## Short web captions
====
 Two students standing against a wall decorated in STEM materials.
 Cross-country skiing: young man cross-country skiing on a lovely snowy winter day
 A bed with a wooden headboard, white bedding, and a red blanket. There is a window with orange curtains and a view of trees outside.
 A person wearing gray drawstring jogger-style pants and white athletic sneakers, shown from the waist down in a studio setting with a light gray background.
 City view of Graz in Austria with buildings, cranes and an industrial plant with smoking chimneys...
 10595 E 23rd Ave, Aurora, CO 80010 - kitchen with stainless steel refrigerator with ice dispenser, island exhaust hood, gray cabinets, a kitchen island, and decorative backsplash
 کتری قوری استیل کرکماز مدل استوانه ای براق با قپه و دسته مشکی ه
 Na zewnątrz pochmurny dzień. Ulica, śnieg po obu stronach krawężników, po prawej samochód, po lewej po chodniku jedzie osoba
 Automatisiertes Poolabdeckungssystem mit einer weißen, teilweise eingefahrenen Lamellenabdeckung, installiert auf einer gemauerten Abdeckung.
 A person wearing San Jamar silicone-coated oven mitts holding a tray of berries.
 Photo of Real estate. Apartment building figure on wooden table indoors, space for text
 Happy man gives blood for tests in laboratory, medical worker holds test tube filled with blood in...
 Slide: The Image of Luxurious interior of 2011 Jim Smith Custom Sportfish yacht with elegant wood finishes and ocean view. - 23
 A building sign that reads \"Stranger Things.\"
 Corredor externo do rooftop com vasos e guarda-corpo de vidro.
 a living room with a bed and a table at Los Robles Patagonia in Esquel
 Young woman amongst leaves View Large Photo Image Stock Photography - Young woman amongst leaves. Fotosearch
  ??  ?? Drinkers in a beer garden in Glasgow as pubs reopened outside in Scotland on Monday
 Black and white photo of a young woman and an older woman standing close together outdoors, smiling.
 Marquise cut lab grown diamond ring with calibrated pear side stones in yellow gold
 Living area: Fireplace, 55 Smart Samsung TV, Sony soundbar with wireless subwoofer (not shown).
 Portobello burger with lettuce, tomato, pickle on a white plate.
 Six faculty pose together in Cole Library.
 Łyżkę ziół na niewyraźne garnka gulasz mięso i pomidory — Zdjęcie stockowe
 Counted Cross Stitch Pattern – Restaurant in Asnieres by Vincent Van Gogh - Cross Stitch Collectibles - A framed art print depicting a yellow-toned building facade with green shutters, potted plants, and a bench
====
## What is expected
From the line containing "Six faculty pose together in Cole Library." to the last line of the records above, please write out every line exactly and add nothing.

## Output for this exercise
 Six faculty pose together in Cole Library.
 Łyżkę ziół na niewyraźne garnka gulasz mięso i pomidory — Zdjęcie stockowe
 Counted Cross Stitch Pattern – Restaurant in Asnieres by Vincent Van Gogh - Cross Stitch Collectibles - A framed art print depicting a yellow-toned building facade with green shutters, potted plants, and a bench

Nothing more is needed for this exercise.